AVAILABLE RECORDS START
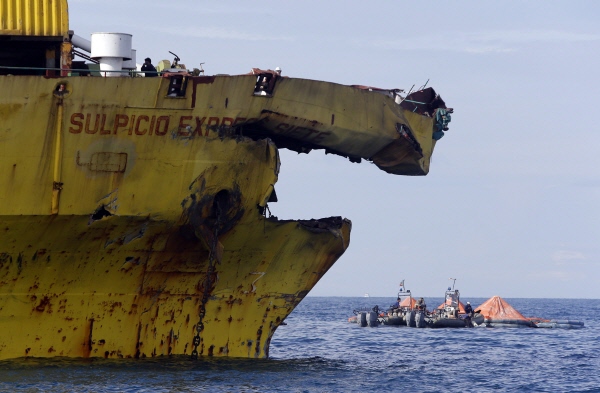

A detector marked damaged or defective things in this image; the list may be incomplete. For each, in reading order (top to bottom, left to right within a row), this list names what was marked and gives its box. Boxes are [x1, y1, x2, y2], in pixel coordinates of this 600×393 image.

rusty hull plating [0, 0, 450, 358]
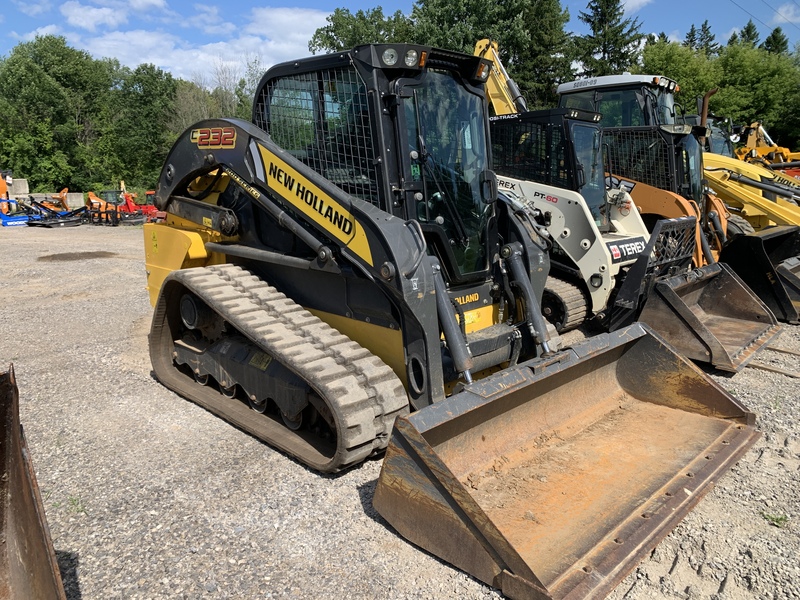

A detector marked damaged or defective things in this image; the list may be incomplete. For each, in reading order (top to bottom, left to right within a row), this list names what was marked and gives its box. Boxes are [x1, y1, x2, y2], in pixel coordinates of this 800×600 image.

rusty steel bucket foreground [0, 366, 66, 600]
rusty steel bucket foreground [372, 324, 760, 600]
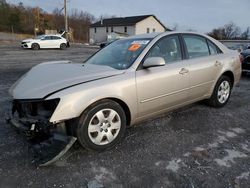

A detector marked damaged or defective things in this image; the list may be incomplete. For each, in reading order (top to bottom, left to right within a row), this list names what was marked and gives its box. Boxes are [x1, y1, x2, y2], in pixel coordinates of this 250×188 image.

bent hood [10, 61, 125, 99]
damaged sedan [7, 31, 241, 165]
crumpled front bumper [5, 110, 76, 166]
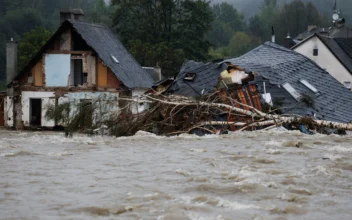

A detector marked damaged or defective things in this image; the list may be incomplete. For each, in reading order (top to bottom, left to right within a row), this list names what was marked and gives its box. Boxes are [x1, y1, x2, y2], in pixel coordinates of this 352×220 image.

broken window [45, 53, 70, 86]
damaged house [4, 9, 153, 129]
damaged roof [69, 19, 153, 88]
damaged roof [166, 60, 227, 97]
damaged house [166, 42, 352, 126]
damaged roof [224, 41, 352, 124]
broken window [282, 82, 302, 101]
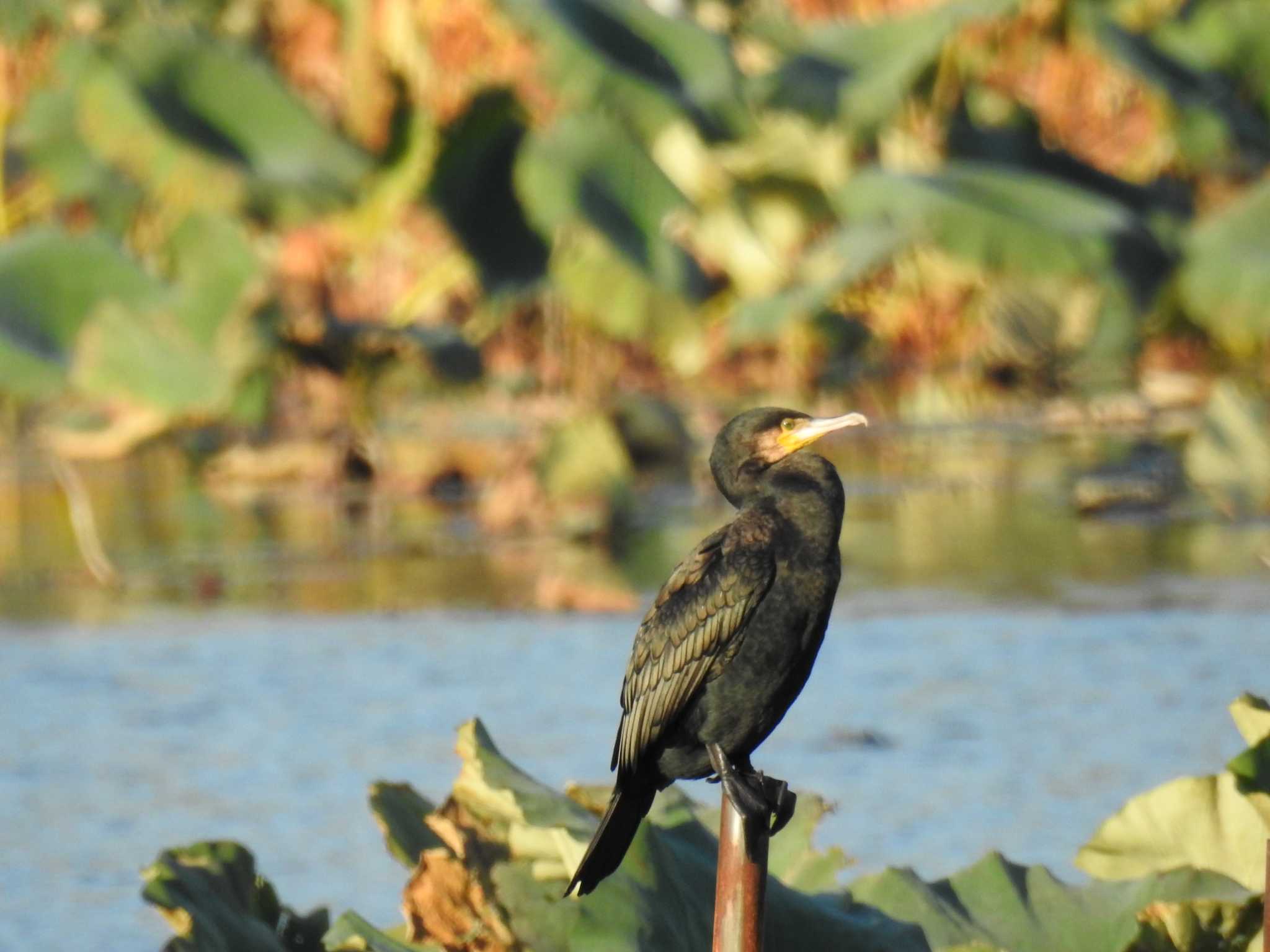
AVAILABLE RECORDS END
#### WHAT IS BEING ASKED
Without including any picture, set down every line above exactly as it stands.

#### OUTPUT OF THE TASK
A detector marked damaged or defective things in this image; the list may be incomplete. For each, in reading order (top to bottom, left to right within a row), this list names what was marked and gives its box. Boxes are [x1, y1, x2, y2], in pixel coordinates of this 600×393 image.

rusty hull plating [0, 0, 450, 358]

A detector marked damaged or defective things in this image; the list may be incomplete. For each, in reading order (top to bottom, left to right within a row), this list names what was marked and gives its box. Boxes are [x1, y1, x2, y2], in pixel coordinates of this 800×600 image.

rusty steel bucket foreground [0, 366, 66, 600]
rusty steel bucket foreground [372, 324, 760, 600]

A detector marked damaged or defective things in this image; the list may be incomplete. For each, in reading order (top to bottom, left to right within a row), this list names what was marked and gives its box. Boxes are [x1, y1, x2, y2], in pixel coordinates of this 250×188 image.

bent hood [10, 61, 125, 99]
damaged sedan [7, 31, 241, 165]
crumpled front bumper [5, 110, 76, 166]

A detector marked damaged or defective things in this image; the list may be incomplete. For each, in reading order (top to bottom, left to right within a row), this list names what was marked and gives its box. Boxes are [x1, y1, x2, y2], in pixel coordinates of this 352×220 image.

broken window [45, 53, 70, 86]
damaged house [4, 9, 153, 129]
damaged roof [69, 19, 153, 88]
damaged roof [166, 60, 227, 97]
damaged house [166, 42, 352, 126]
damaged roof [224, 41, 352, 124]
broken window [282, 82, 302, 101]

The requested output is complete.